Well, I can give you some insight into why this happens! Protein rich foods take longer to leave the stomach, therefore keeping you fuller for longer! Protein also keeps your blood sugar level steady, which prevents the sudden spikes in hunger that occur after dramatic drops in blood sugar. And since the body requires more energy to digest the nutrient compared to fats or carbohydrates you will burn more calories! Yes eating protein with each meal may help you stay full protein it is particularly important at breakfast!
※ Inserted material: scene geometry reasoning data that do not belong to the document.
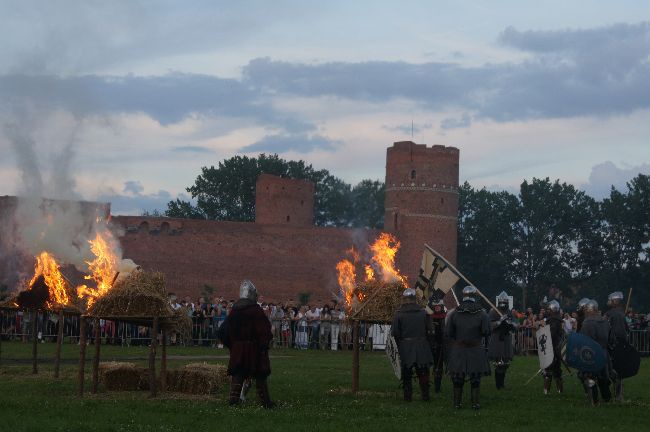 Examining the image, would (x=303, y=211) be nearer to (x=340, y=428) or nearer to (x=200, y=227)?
(x=200, y=227)

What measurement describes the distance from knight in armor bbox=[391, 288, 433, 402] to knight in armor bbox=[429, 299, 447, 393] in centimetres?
136

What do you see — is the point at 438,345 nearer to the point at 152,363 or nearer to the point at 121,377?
the point at 121,377

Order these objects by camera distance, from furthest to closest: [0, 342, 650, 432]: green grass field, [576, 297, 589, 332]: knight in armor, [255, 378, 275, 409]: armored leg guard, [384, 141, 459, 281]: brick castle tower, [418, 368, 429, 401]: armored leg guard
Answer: [384, 141, 459, 281]: brick castle tower → [576, 297, 589, 332]: knight in armor → [418, 368, 429, 401]: armored leg guard → [255, 378, 275, 409]: armored leg guard → [0, 342, 650, 432]: green grass field

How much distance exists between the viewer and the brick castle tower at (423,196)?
260ft

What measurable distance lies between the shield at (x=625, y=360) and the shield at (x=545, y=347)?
52.5 inches

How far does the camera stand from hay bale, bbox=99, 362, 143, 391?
1744 cm

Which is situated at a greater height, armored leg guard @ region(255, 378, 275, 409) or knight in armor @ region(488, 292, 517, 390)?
knight in armor @ region(488, 292, 517, 390)

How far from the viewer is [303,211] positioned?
83.8 metres

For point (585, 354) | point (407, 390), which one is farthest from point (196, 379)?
point (585, 354)

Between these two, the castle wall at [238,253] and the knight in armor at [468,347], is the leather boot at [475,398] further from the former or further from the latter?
the castle wall at [238,253]

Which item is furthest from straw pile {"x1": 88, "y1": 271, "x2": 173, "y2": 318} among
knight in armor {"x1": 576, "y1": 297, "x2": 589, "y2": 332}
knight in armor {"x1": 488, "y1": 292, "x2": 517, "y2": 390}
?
knight in armor {"x1": 576, "y1": 297, "x2": 589, "y2": 332}

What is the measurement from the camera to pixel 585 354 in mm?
17141

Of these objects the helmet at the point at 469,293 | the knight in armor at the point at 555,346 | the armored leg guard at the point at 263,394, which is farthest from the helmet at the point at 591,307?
the armored leg guard at the point at 263,394

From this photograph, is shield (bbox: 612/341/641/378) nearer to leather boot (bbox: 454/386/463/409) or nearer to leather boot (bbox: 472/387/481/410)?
leather boot (bbox: 472/387/481/410)
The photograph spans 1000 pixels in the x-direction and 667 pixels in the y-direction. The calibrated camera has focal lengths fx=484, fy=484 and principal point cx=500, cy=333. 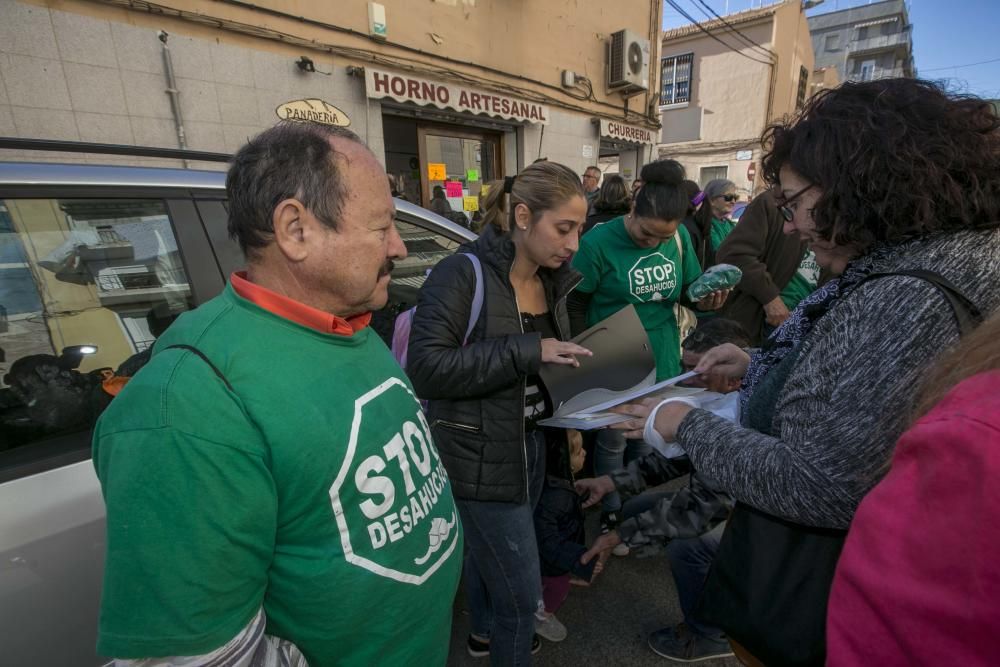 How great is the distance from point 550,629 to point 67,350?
6.75 feet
Yes making protein the focus of your morning meal can take more time than slathering nut butter on toast or microwaving oatmeal but trust me it it is worth the effort! Planning is key to ensure that lack of time doesn’t become the reason behind you falling back into old patterns. You can easily overcome this by making up extra beans, vegetables or hard boiled eggs early in the week so that you have foods ready to go when you are pressed for time.
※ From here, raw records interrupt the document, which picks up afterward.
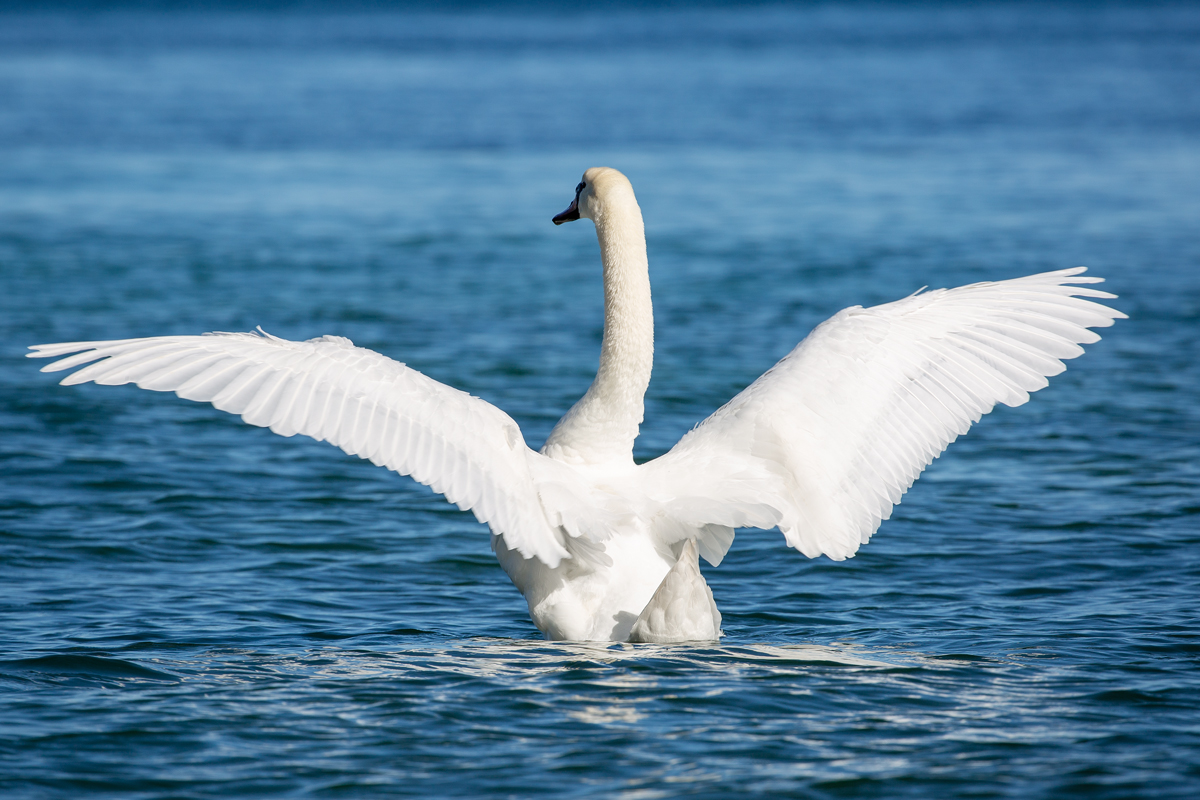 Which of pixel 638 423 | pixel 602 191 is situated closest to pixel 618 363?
pixel 638 423

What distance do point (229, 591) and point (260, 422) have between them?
2113 millimetres

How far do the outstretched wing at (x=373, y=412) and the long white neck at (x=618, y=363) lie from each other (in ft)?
2.14

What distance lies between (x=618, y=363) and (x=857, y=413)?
3.90ft

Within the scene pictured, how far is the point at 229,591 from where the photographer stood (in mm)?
8008

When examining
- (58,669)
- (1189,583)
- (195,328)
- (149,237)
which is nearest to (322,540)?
(58,669)

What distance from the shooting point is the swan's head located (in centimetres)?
760

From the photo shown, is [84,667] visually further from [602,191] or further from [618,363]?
[602,191]

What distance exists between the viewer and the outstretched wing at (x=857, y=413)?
273 inches

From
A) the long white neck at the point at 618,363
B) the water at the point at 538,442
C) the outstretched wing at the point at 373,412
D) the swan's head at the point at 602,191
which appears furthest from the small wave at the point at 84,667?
the swan's head at the point at 602,191

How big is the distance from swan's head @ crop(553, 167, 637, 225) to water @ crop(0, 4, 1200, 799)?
2.20 m

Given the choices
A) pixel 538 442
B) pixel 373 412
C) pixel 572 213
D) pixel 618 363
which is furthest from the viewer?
pixel 538 442

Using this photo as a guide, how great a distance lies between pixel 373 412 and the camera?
21.1ft

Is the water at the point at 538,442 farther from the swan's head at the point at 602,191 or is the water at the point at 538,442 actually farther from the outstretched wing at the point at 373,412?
the swan's head at the point at 602,191

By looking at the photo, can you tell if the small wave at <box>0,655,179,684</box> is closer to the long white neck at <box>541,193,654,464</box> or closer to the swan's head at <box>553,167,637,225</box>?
the long white neck at <box>541,193,654,464</box>
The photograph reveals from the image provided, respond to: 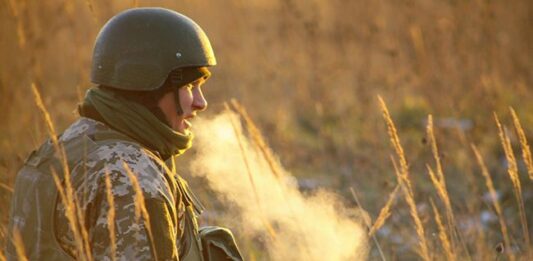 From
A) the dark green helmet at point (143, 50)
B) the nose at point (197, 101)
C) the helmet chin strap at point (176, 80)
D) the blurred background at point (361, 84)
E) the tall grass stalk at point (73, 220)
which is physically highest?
the dark green helmet at point (143, 50)

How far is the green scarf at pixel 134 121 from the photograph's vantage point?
331cm

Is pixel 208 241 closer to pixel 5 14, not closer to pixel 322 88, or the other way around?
pixel 5 14

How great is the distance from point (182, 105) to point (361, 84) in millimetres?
5833

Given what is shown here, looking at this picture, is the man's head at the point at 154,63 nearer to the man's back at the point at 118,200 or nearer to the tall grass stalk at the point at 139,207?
the man's back at the point at 118,200

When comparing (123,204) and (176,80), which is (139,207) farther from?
(176,80)

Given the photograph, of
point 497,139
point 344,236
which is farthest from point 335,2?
point 344,236

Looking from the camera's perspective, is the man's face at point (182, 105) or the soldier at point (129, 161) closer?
the soldier at point (129, 161)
A few ways to help you transition to a high protein breakfast include…
Keep the smoothie, but decrease the fruit and any sweeteners. Add nut butter, low-fat cottage cheese or almond meal to increase the protein.
Eat more eggs. Why not bulk up the protein and the serving size by adding in some egg whites.
Add beans. Whether it be black, pinto or chickpeas – beans add both lean protein and fiber. Add vegetables. Replace your grain-based complex carbs like toast and bagels with sautéed spinach, roasted cauliflower or stir-fried peppers and onions. Try adding a handful of spinach or other leafy greens to your morning smoothie!
- Eat dinner for breakfast. Lean meats like fish or chicken are just as good when eaten in the morning. Serve them up in an omelet or create a brekky salad!
Here are a few protein packed breakfast ideas to help you kick start your day right!
Berry Quinoa Parfait
1/3 cup of quinoa
¾ cup of plain low fat greek yogurt
¼ cup of blueberries ( or raspberries/blackberries/strawberries)
Handful of walnuts
Teaspoon of cinnamon
Teaspoon of pure vanilla exact
Combine 1/3 cup cooked quinoa, 3/4 cup plain low-fat Greek yogurt, pure vanilla extract and teaspoon of cinnamon. Using 1/4 cup blueberries and walnuts, create layers of the quinoa/yogurt mixture, blueberries and nuts in a glass.
Mushroom & Tomato Omelette
½ cup of sliced mushrooms
½ tomato, chopped
½ cup of spinach
Combine eggs and beat lightly. Using a cooking spray, cook eggs in non-stick pan. Add mushrooms, tomatoes and spinach in the center of omelet. Cook until eggs are set and fold over.
Paleo Brekky Bowl
2 fresh eggs
2 ounces wild smoked salmon (roughly 2 thin slices)
1/2 cup rocket
1/4 avocado, diced
Squeeze of fresh lemon
Pinch of freshly ground pepper
Heat a teaspoon of coconut oil over medium heat and swirl around in a nonstick pan. Slowly put 2 (unscrambled) eggs into the pan and cook until done, about 6 minutes. While your eggs are cooking, assemble your arugula, avocado, and smoked salmon in a shallow bowl. Squeeze lemon juice over everything, and sprinkle with pepper. Once your eggs are fully cooked, slide them into your bowl, and Enjoy!